The following factual summary is drawn from the record of the prosecution and sentencing in the above-captioned criminal case, and the parties' submissions in connection with this motion practice.

According to the factual recitations in the presentence report (docket entry no. 79, "PSR"), Petitioner participated in four robberies in New York City between 2011 and 2013. (PSR ¶¶ 36-57.) In 2011, Petitioner and two others robbed an individual of one kilogram of heroin and several firearms in Queens, New York, leading to shots fired by the victim and one of Petitioner's co-conspirators. (Id. ¶ 54.) On September 30, 2012, Petitioner and three others—at least one of whom was armed with a firearm—entered a private home in the Bronx, New York, through a window, tied up one victim (and threatened to burn that victim's genitals with a hot iron), and ultimately stole $2,500, among other things. (Id. ¶¶ 51-53.) On March 2, 2013, Petitioner and five others forced their way into an apartment in the Bronx, New York, with one or more guns drawn; Petitioner himself brought two guns and brandished one; and the robbers ultimately stole $7,000 in cash, among other things. (Id. ¶¶ 42-50.) On May 24, 2013, Petitioner and three others forced their way into an apartment in Manhattan, New York, with one or more guns drawn; Petitioner again wielded a firearm; and the robbers ultimately stole $2,000, among other things, from a safe kept in the apartment. (Id. ¶¶ 38-41.)

As explained below, Petitioner initially claimed that "he did not possess or brandish a firearm during the commission of" the robberies underlying his conviction, "and the possession or brandish[ing] of a firearm by Mr. Collado's co-defendants was not reasonably foreseeable to him at the time he agreed to commit, and did commit the offense[s]" (docket entry no. 155 at ECF pages 5-6), but withdrew his objections to the PSR based on that claim prior to sentencing. (Docket entry no. 62.)

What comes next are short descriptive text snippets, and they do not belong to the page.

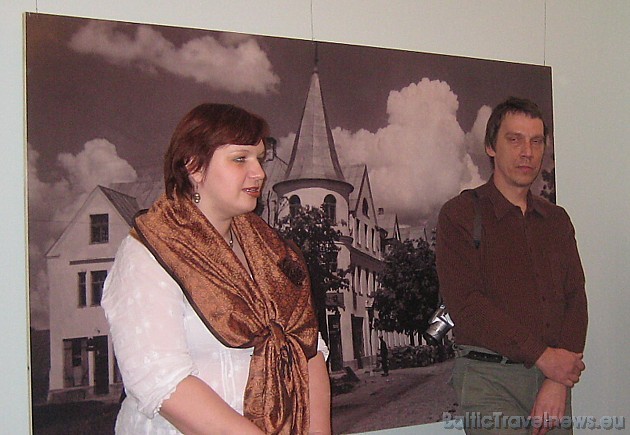 No kreisās: Iveta Ruskule (Ogres vēstures un mākslas muzeja direktore) un Arno Smiltnieks (viens no izstādes veidotājiem) 31066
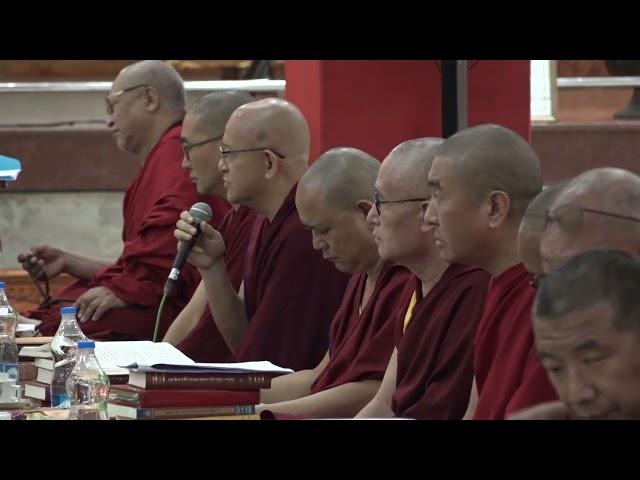 མཁས་མང་བློ་གསལ་གླིང་གྲྭ་ཚང་གི་གཞུང་ཆེན་ཁག་གི་དཀའ་གནད་དོགས་གཅོད་བྱེད་བཞིན་པའི་ཟུར་ཞིག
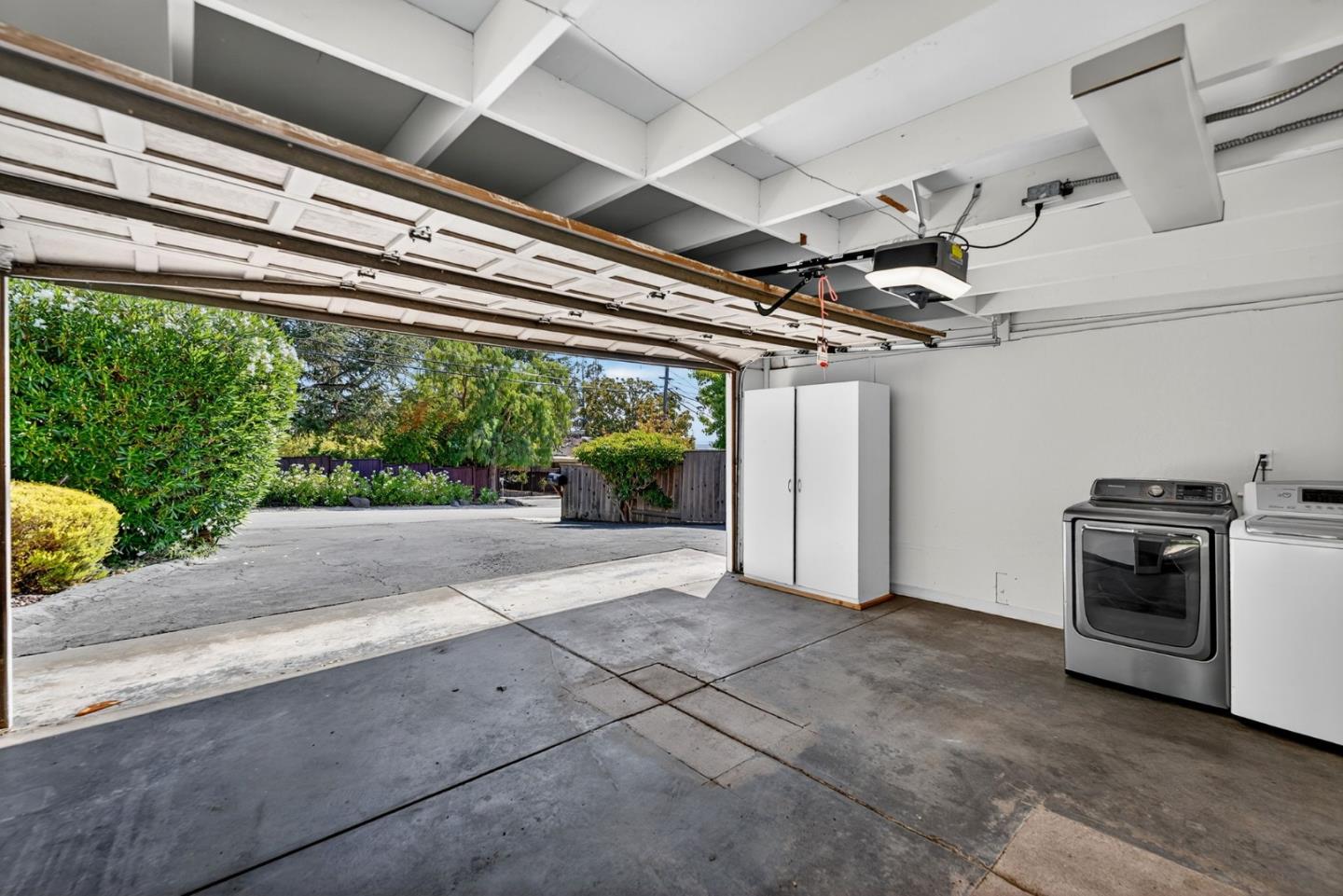 Detail Gallery Image 29 of 43 For 832 Holly Rd, Belmont,  CA 94002 - 3 Beds | 2 Baths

On August 6, 2014, Petitioner was arrested in this District and charged with one count of conspiring to commit Hobbs Act robberies, in violation of 18 U.S.C. section 1951, and one count of possessing a firearm in connection with the crime of violence charged in the first count, in violation of 18 U.S.C. sections 924(c)(1)(a)(ii) and 2. (Docket entry no. 1.) On June 28, 2016, Petitioner entered a plea of guilty to the Hobbs Act count. (See docket entry no. 55 ("Plea Tr.").) In his plea agreement, Petitioner disputed that he had brandished or possessed a firearm in connection with the offense, and contested the applicability of the five-point offense level enhancement under section 2B3.1(b)(2)(C) of the United States Sentencing Guidelines ("section 2B3.1(b)(2)(C)"). That enhancement applies if, in connection with a robbery committed in violation of 18 U.S.C. section 1951 (among other offenses), "a firearm was brandished or possessed." U.S.S.G. § 2B3.1(b)(2)(C). During his plea colloquy, Petitioner admitted among other things that the predicate agreements to commit robbery he entered into in violation of section 1951 included "an agreement to rob someone at gunpoint in [t]he Bronx in 2012," "an agreement to rob someone at gunpoint in [t]he Bronx on March 2, 2013," and "an agreement to rob someone at gunpoint on May 24, 2013." (Plea Tr. at 32-33.) Nonetheless, Petitioner's then-counsel Edward V. Sapone took pains to ensure that the record of the change of plea hearing was "clear that nothing that transpired today takes away [Petitioner's] right to make his arguments at the time of sentencing that he should not suffer that five-level increase" under section 2B3.1(b)(2)(C). (Id. at 39.)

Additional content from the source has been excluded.